Federico Barocci (circa 1535-1612)

Details
Federico Barocci (circa 1535-1612)

The Head of Saint Francis, looking down to the left

numbered '4'; red, black and white chalk on grey-blue paper
213 x 275mm.
Provenance
Anon. sale, Christie's, 11 December 1985, lot 186 (£11,000).
Exhibited
Toronto, Art Gallery of Ontario and elsewhere, Italian Drawings from the Collection of Duke Roberto Ferretti, 1985-86, no. 23, illustrated.

Lot Essay

This is a study for the head of Saint Francis in Il Perdono di San Francesco in the church of Saint Francis in Urbino (Fig. 1), A. Emiliani, Federico Barocci, Bologna, 1985, I, p. 104, illustrated. The altarpiece was one of the most important in Barocci's oeuvre, as is apparent from the large number of related drawings still extant and the print that Barocci himself engraved after the picture in 1581, Emiliani, op. cit., I, p. 116. The picture was commissioned by Nicolò Ventura just before his death on 5 September 1574, for the price of one hundred scudi. The composition must have been well under way when, on 17 May 1575, the Franciscan brothers rented a room over the Church of San Antonio for Barocci for a year while the artist completed the picture. On 2 June of the following year, the artist wrote to a friend in Arezzo that the altarpiece was finished.
The head of Saint Francis in the Urbino picture had been painted on paper and then laid down on canvas; this, according to Andrea Emiliani, was done in order to obtain a more subtle effect. Andrea Lazzari argued, in his Memorie di alcuni celebri pittori d'Urbino in 1800 (in H. Olsen, Federico Barocci, Copenhagen, 1962, p. 159), that the head of Saint Francis was stuck onto canvas because the artist had experienced difficulties with the head and had to change it several times.

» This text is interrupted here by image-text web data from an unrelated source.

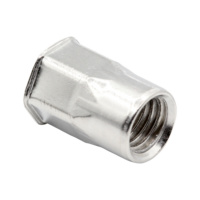 Rivet nut, reduced half-hex, open A2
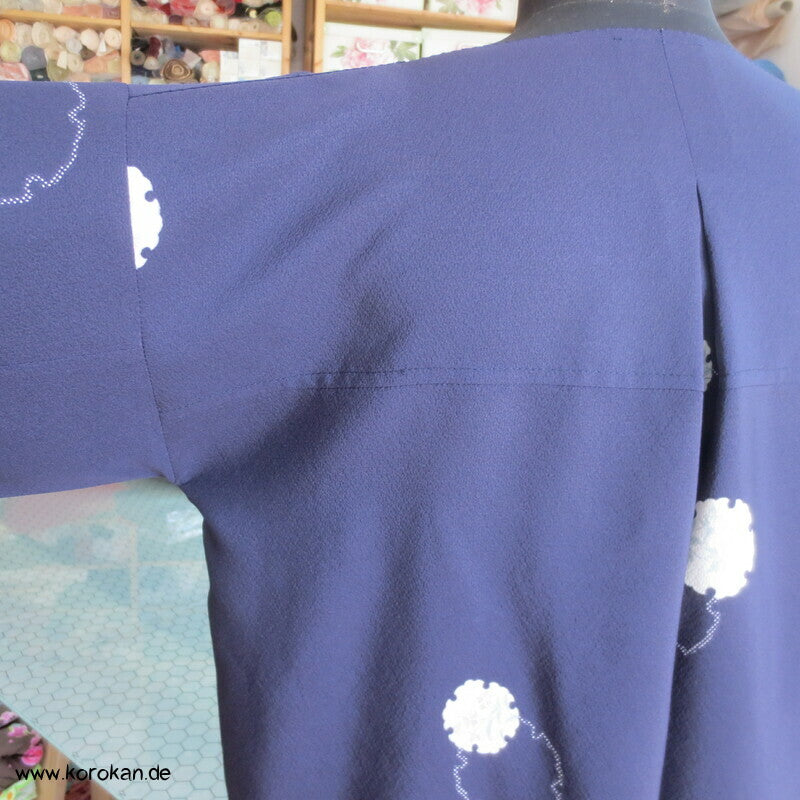 japanischer Schneeflocken Seidencrepe Blusenshirt XL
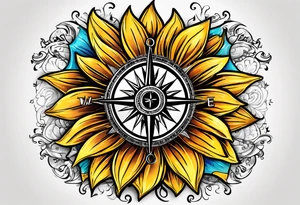 Sunflower and
 compass, with the words "To Thine Own Self Be True" tattoo idea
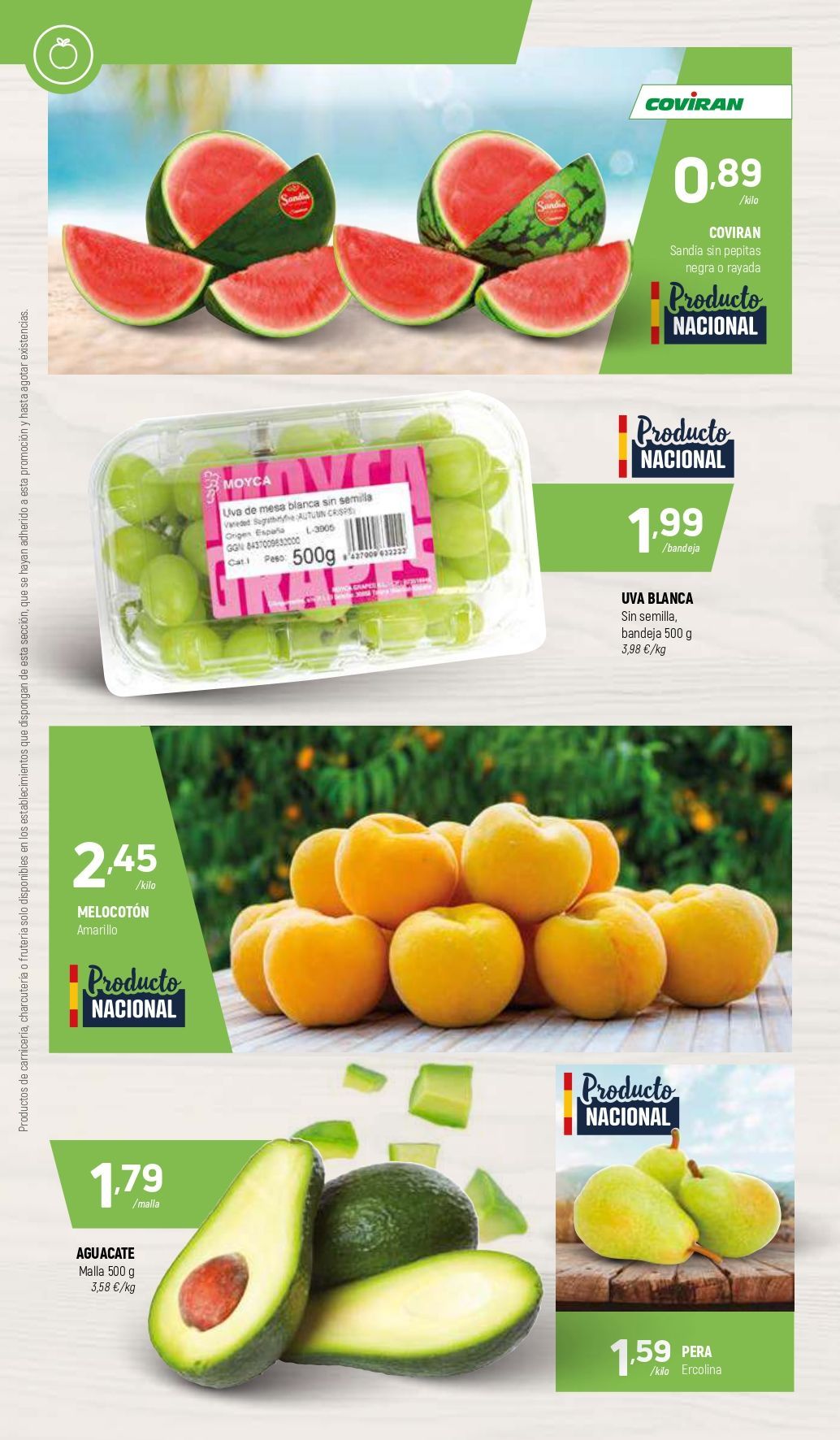 Un volante de una tienda que vende sandía, uvas, manzanas y aguacates.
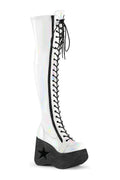DYNAMITE-300 White Hologram Patent Thigh Boot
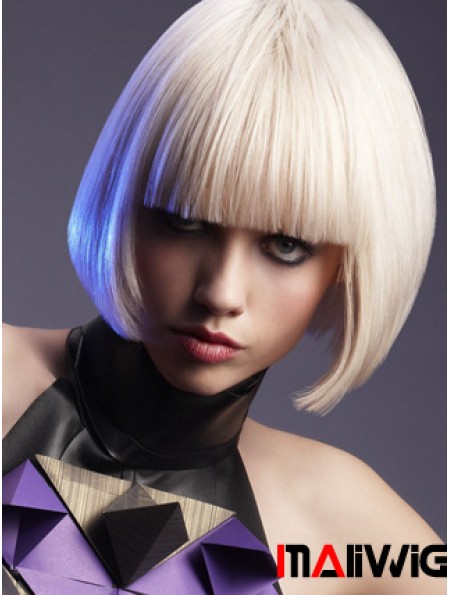 Capless Bobs Chin Length Straight 10 inch Platinum Blonde Best Fashion Wigs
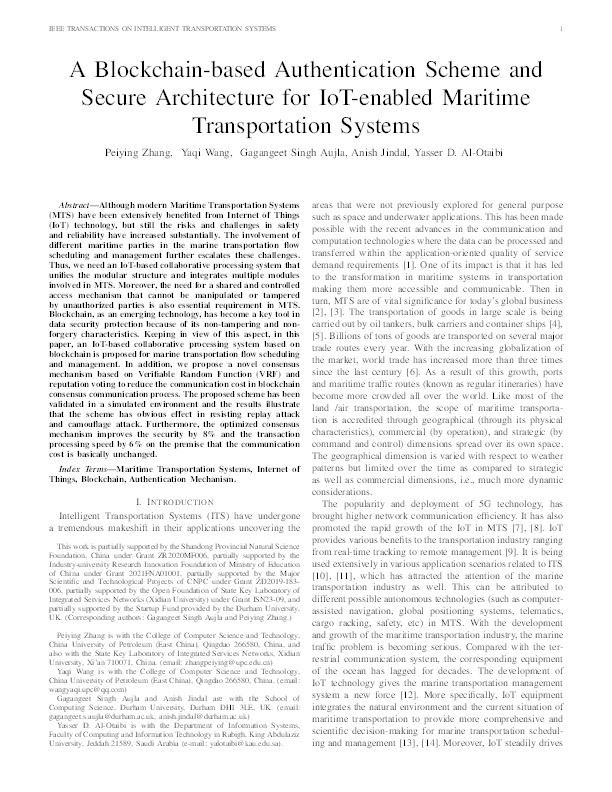 A Blockchain-Based Authentication Scheme and Secure Architecture for IoT-Enabled Maritime Transportation Systems Thumbnail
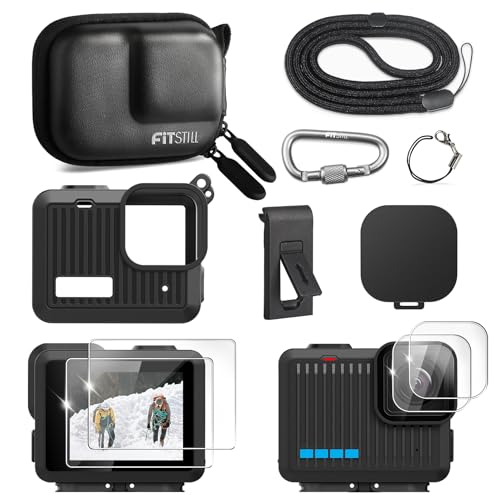 FiTSTILL Mini étui de transport en polyuréthane et manchon en silicone avec protection en caoutchouc pour GoPro Hero 4K, remplace le couvercle latéral de la...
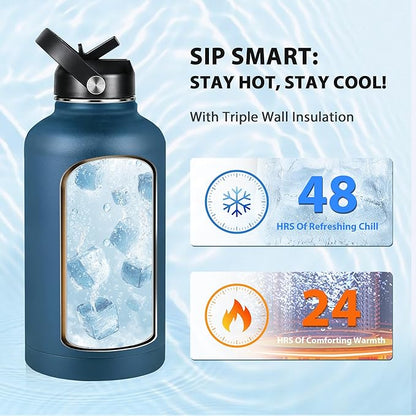 Insulated Water Bottle 64 oz, Triple Wall Vacuum Stainless Steel Water Bottles - Image 2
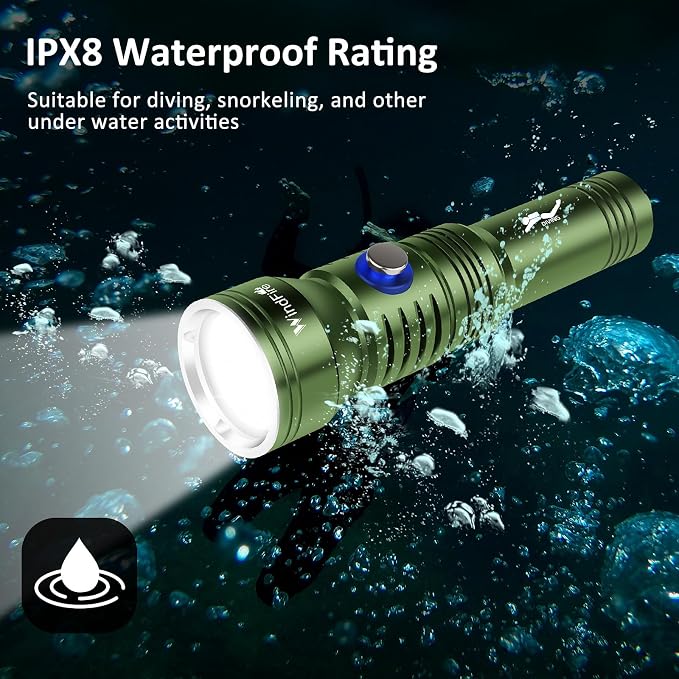 WINDFIRE Dive Light Scuba Diving Flashlight, IPX8 Waterproof 210 Feet Underwater Flashlight with Power Indicator & 4 Modes, Aluminum Submersible Torch for Deep Sea Diving and Snorkeling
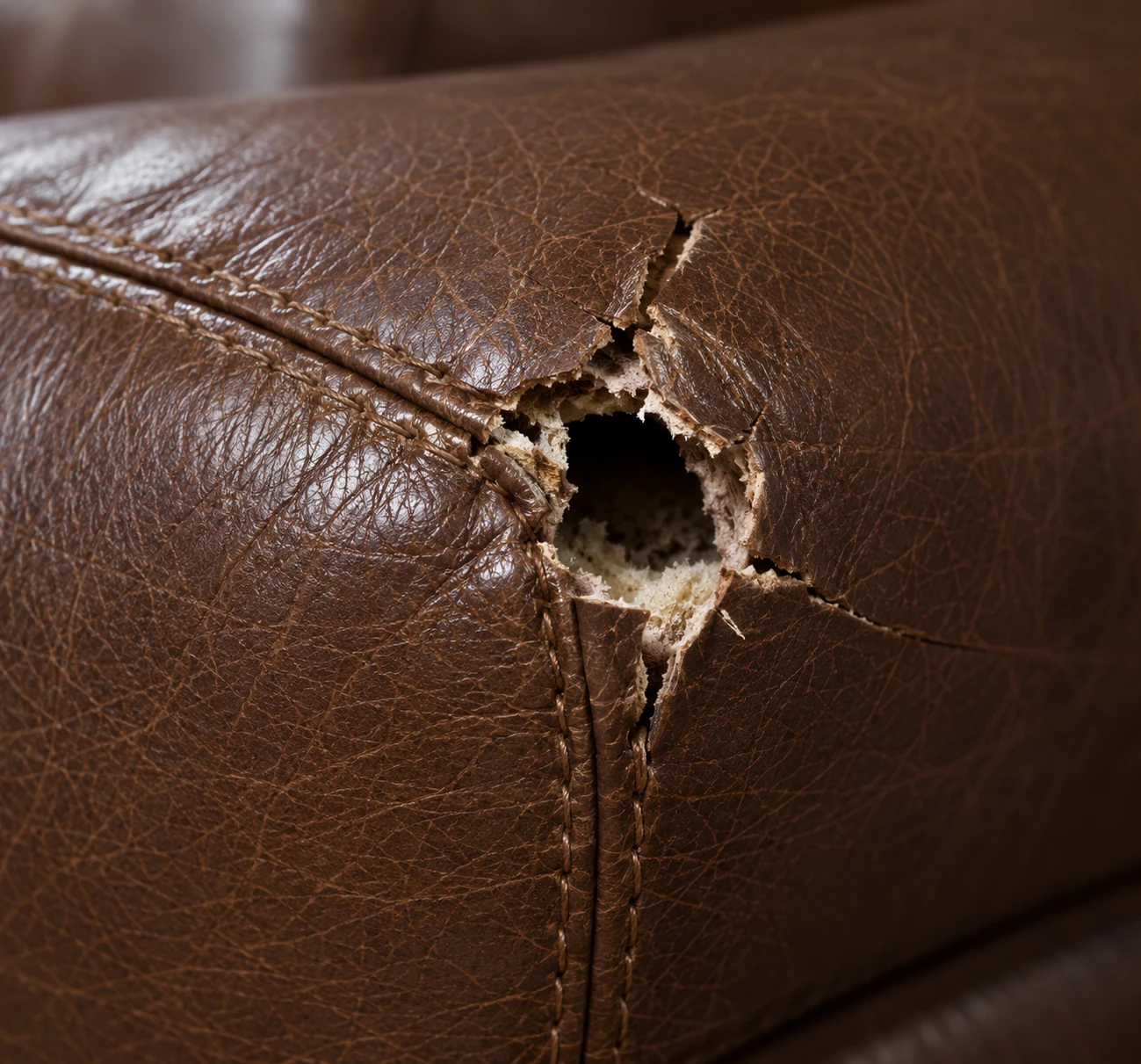 Round hole through dark brown leather beside a stitched seam on a sofa arm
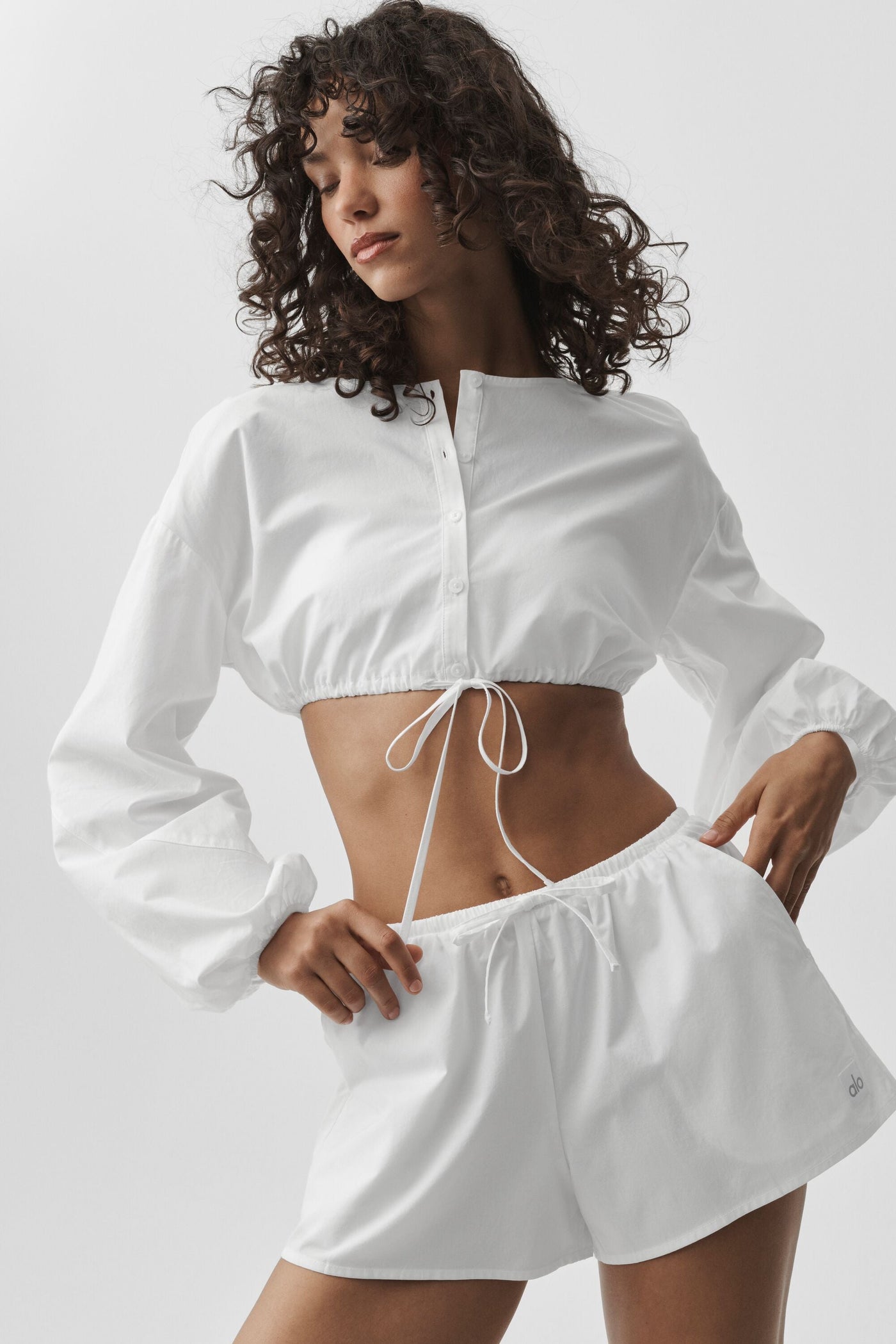 Haut Court Manches Longues En Coton Real Deal - Blanc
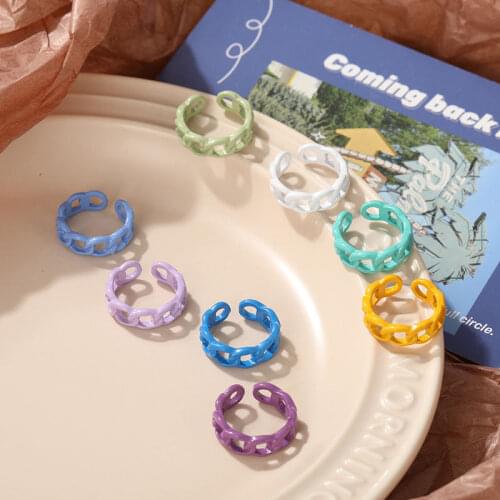 2021 Summer Fashion Colorful Geometric Chain Ring Candy Color Irregular Opening Rings for Women Party Finger Jewelry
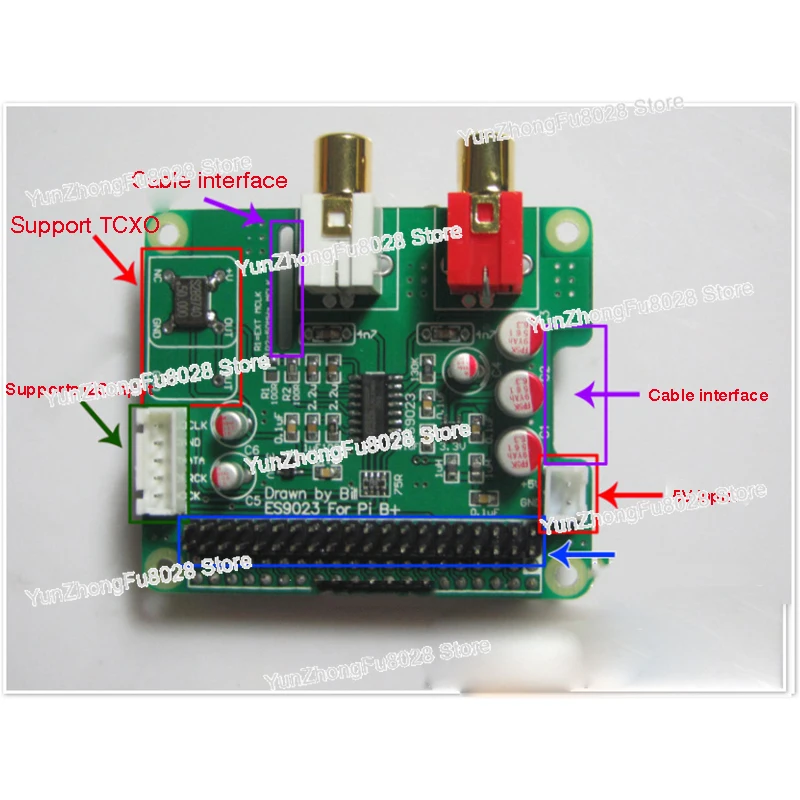 ES9023 Expansion Board I2S HiFi DAC Digital Audio Sound Card Decode  Encoder for Raspberry Pi 2B 3B 3B+ 4B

This statement is contradicted by the number of studies for the head and composition that are all close to the final picture: the present drawing, a more finished one for the head in the National Gallery of Scotland, Edinburgh, the study for Saint Francis in the Uffizi, the cartoon in the Hermitage in Saint Petersburg and the bozzetto in the Galleria Nazionale delle Marche at Urbino, Emiliani, op. cit., nos. 191, 193, 182, 181, illustrated.
The head of Saint Francis was later re-used in The Stigmatization of Saint Francis painted for a small provincial church in Fossombrone after 1576, Emiliani, op. cit., p. 120, illustrated.